● REQUIRED ACTION
No picture belongs in the copy. Repeat each line below exactly.

● RECORDS FOR PROCESSING
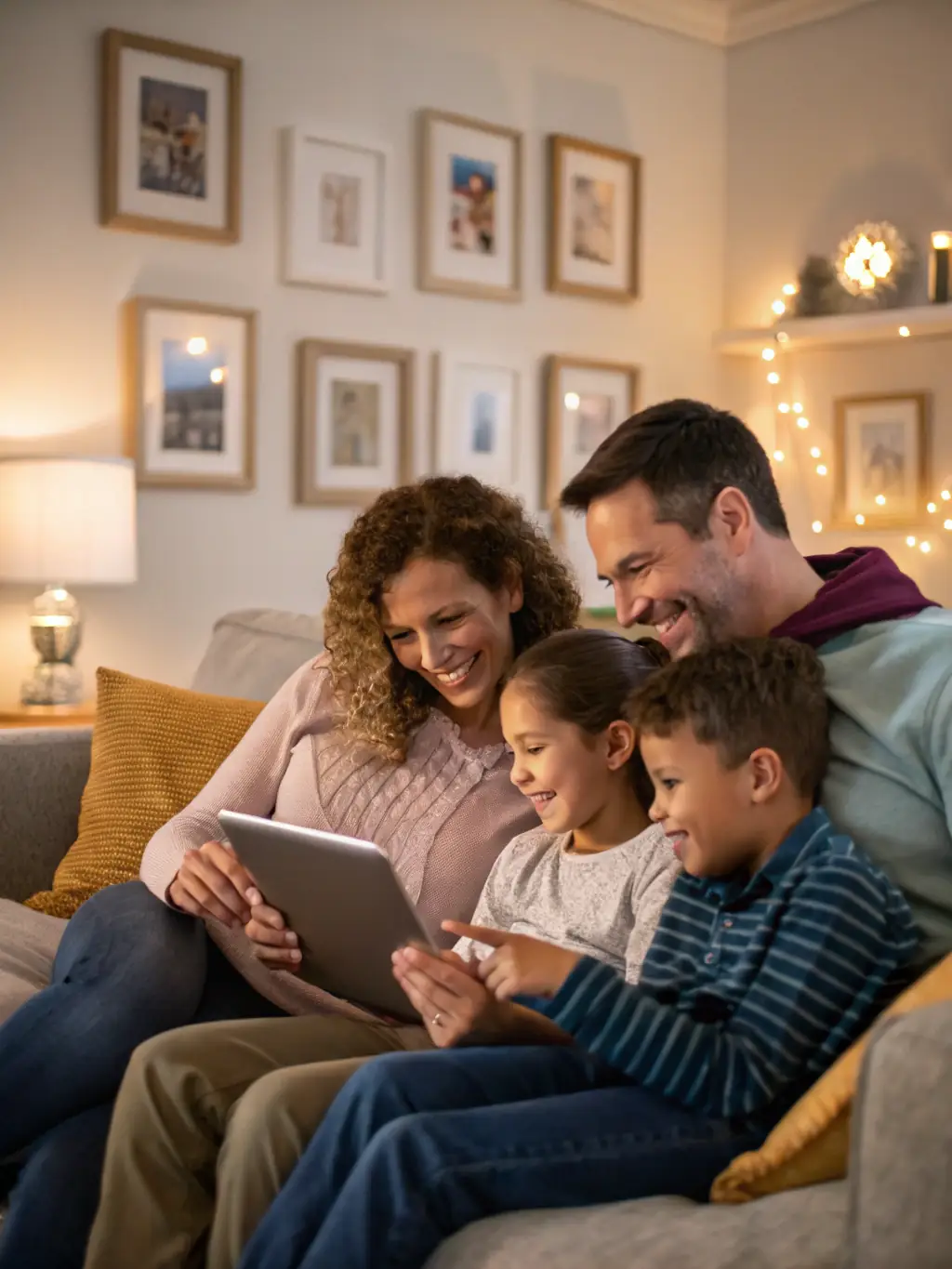 A family at home celebrating after making a purchase, with a DealPantry Africa receipt and savings summary displayed on a tablet in the foreground.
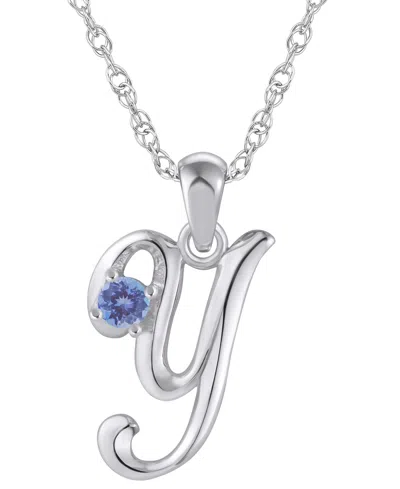 Macy's Ruby (1/6 Ct. T.w.) Initial Pendant Necklace In 10k White Gold (also Available 10k Yellow Gold) In Neutral
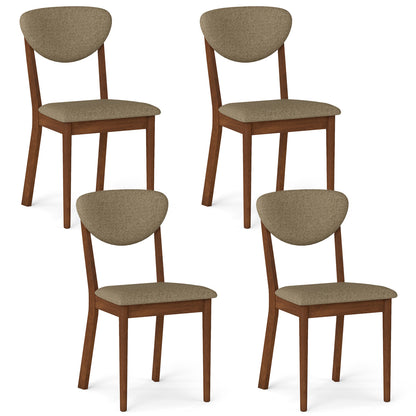 Wooden Dining Chairs Set of 4 with Padded Seat Back, Brown Dining Chairs Brown at Gallery Canada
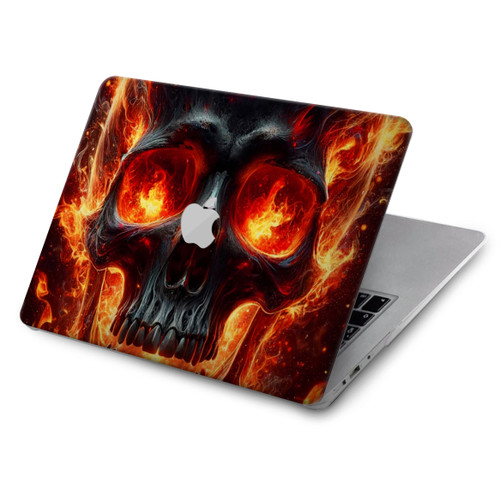 S3986 火の頭蓋骨 Fire Skull MacBook Air 13″ - A1932, A2179, A2337 ケース・カバー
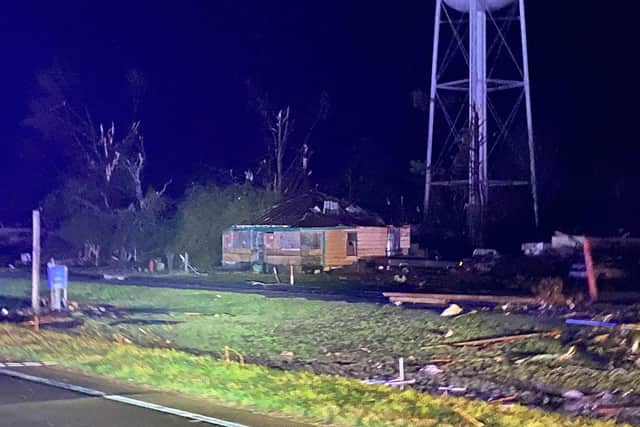 This image obtained from the Mississippi Highway Patrol, Troop D, shows a damaged home near Silver City, Mississippi, after a tornado touched down in the area (Photo by HANDOUT/Mississippi Highway Patrol /AFP via Getty Images)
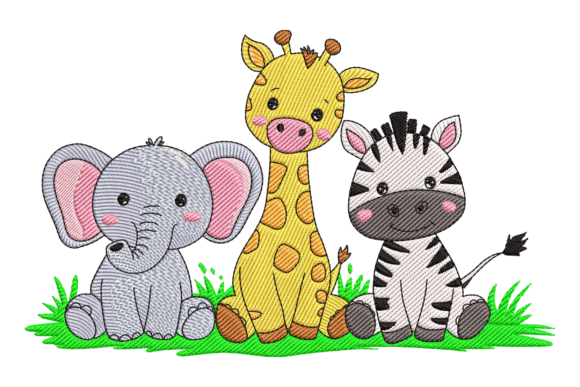 Safari Animals Embroidery Design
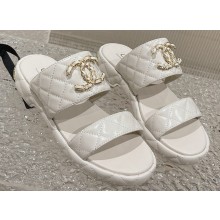 Chanel Heel 3cm Gold CC Logo Lambskin Quilting Mules Sandals White 2023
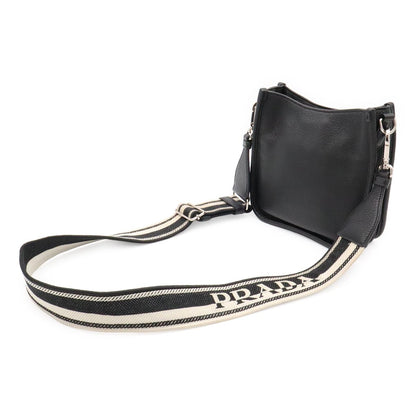 Prada Vitello Daino Soft Leather Mini Shoulder Bag Striped Crossbody Nero Black — view 2
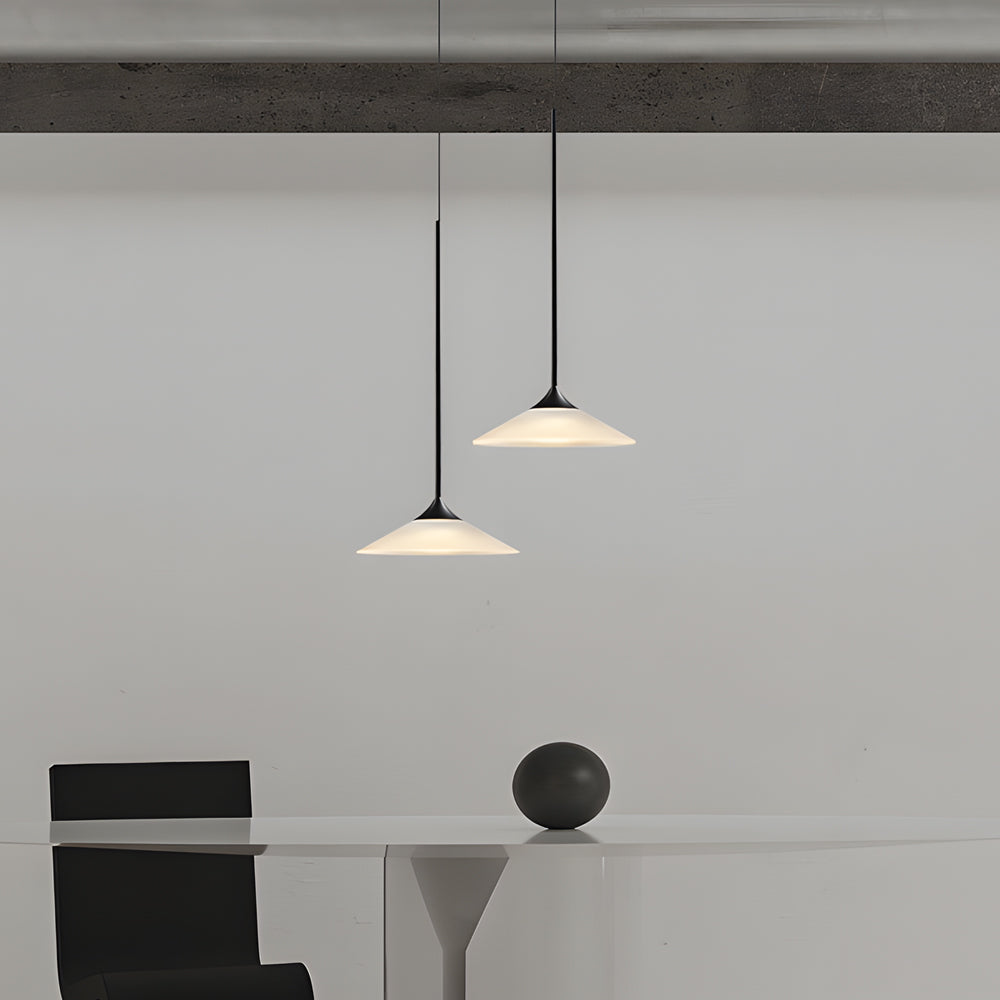 Modern Black LED Cone Pendant Light with White Acrylic Shade and Adjustable Cord 5W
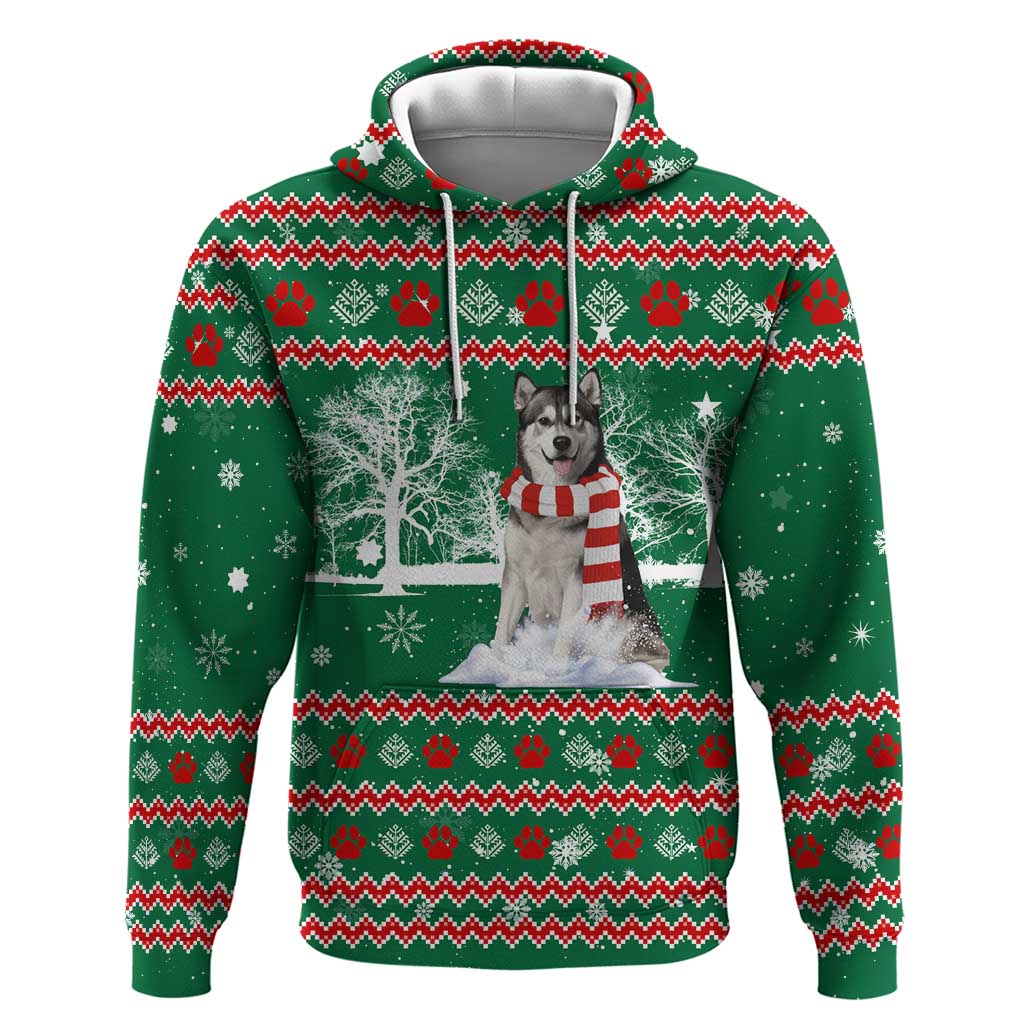 Alaskan Malamute Winter Tree Christmas Zip Hoodie Xmas Holiday Patterns - Wonder Print Shop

● WRITTEN SOLUTION
 A family at home celebrating after making a purchase, with a DealPantry Africa receipt and savings summary displayed on a tablet in the foreground.
 Macy's Ruby (1/6 Ct. T.w.) Initial Pendant Necklace In 10k White Gold (also Available 10k Yellow Gold) In Neutral
 Wooden Dining Chairs Set of 4 with Padded Seat Back, Brown Dining Chairs Brown at Gallery Canada
 S3986 火の頭蓋骨 Fire Skull MacBook Air 13″ - A1932, A2179, A2337 ケース・カバー
 This image obtained from the Mississippi Highway Patrol, Troop D, shows a damaged home near Silver City, Mississippi, after a tornado touched down in the area (Photo by HANDOUT/Mississippi Highway Patrol /AFP via Getty Images)
 Safari Animals Embroidery Design
 Chanel Heel 3cm Gold CC Logo Lambskin Quilting Mules Sandals White 2023
 Prada Vitello Daino Soft Leather Mini Shoulder Bag Striped Crossbody Nero Black — view 2
 Modern Black LED Cone Pendant Light with White Acrylic Shade and Adjustable Cord 5W
 Alaskan Malamute Winter Tree Christmas Zip Hoodie Xmas Holiday Patterns - Wonder Print Shop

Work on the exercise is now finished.